The letter urges the Gates Foundation to withdraw the award to “send a clear and powerful message that [it] takes its aim of equity, justice, and human rights for all seriously — and that it is committed to promoting these values in a consistent fashion.”
Modi’s Hindu nationalist-led government presented an order in Parliament on Aug. 5 revoking the autonomy of India’s only Muslim-majority state. It has imposed tighter controls on India’s side of Kashmir, including limiting internet access, mobile and landline phones, and cable TV in the disputed region home to 12.5 million people.
The Gates Foundation emailed a statement to the Northwest Asian Weekly, saying it respects the views of petitioners, but Modi will receive its annual Goalkeepers Global Goals Award.
The statement said, “Before the Swachh Bharat mission, over 500 million people in India did not have access to safe sanitation, and now, the majority do. There is still a long way to go, but the impacts of access to sanitation in India are already being realized. The Swachh Bharat Mission can serve as a model for other countries around the world that urgently need to improve access to sanitation for the world’s poorest.”
Debadutta Dash, co-chair of the Washington State India Trade Relations Action Committee, stated that the award to Modi on Swachh Bharat “has nothing to do with what certain section of media is demanding. The demands appear to be very naive and childish or as if part of an anti-Modi political propaganda, which isn’t new.”
In an email to the Northwest Asian Weekly, Dash said Kashmir has been and still is an integral part of India.
“The Indian government has allocated a good portion of its annual budget every year since 1950 for the state of Kashmir,” Dash said. “But the funds never reached the common people as temporary Articles (370 and 35A) of the Indian constitution were abused by the local politicians of Kashmir.”
Dash said the Modi government repealed those temporary articles by a two-thirds majority vote.
“It was not done unilaterally.” He added that the recent curfew and communication cut-off is part of a temporary enforcement and no civilian casualties have taken place.
The Gates Foundation’s annual event, focusing on global inequality, on Sept. 24 and 25 coincides with the United Nations General Assembly gathering and has drawn big-name politicians and celebrities, from former President Barack Obama to Ed Sheeran. However, the Gates Foundation confirmed that actors Jameela Jamil and Riz Ahmed have dropped out of its event.

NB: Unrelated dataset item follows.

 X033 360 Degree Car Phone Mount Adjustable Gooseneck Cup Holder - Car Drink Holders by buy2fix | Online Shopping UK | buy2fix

Modi will be in the United States next week to receive the foundation’s award. He will also attend a rally with President Donald Trump in Houston.
The White House said Trump will use the “Howdy, Modi! Shared Dreams, Bright Futures” event to “emphasize the strong ties between the people of the United States and India” and reaffirm the two countries’ strategic partnership.
Houston will be the first stop in Modi’s week-long trip to the United States. Apart from addressing the United Nations’ Climate Action Summit in New York on Sept. 23, Modi is scheduled to address the United Nations General Assembly on Sept. 27.
We reached out to state lawmakers of South Asian descent for comment. State Sen. Mona Das and state Rep. Vandana Slatter were unavailable, while State Sen. Manka Dhingra did not respond to our inquiry.
Stand with Kashmir-Seattle will hold a protest in front of the Gates Foundation on Sept. 22 from 3-6 p.m.